The alarm went off at 4:45am on December 25th, 2009, but I had long been awake. My flight from JFK to LAX touched down nine hours earlier. I was tired, jet lagged, and anxious about the day ahead. I had that “first day of school” feeling. Mom fed the cat while my younger sister packed a cooler of refreshments for the day.
We took off in Mom’s car a little after 5:30am.
Usually, the family spent Christmases on the beach in Maui. Now we visited Dad in prison. Prison? How did this happen?
The trip to the maximum security Corcoran Prison clocked in at 3 hours. Having been turned away before, we called the prison visitor center hotline to make sure the inmates weren’t on lock-down.
Mom turned on the radio “To listen to traffic,” but it was really to drown out the silence. We drove by Magic Mountain and I remembered the Free Fall ride from my high school trip, dropping 50 stories in half a second and leaving my stomach back at the top. That’s how it felt driving to prison.
We made a pit stop at the county line in Bakersfield for one last restroom break: prison restrooms, even at the visitor center, typically had no toilet paper or soap. I’d seen Himalayan out houses that were cleaner.

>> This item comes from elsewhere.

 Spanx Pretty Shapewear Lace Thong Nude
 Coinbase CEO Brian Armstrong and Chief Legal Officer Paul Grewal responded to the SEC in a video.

The only things visitors were allowed to bring in were money, an ID, car key and an unopened pack of tissues. Sometimes I smuggled gum in my bra. Dressing for prison was a constant costume conflict, and I had to come prepared with a suitcase of clothes in the car. I liked to dress for the holidays. Years prior, I rented an Easter Bunny costume and wore it to visit Dad in jail. Oh jail. Life was so simple then.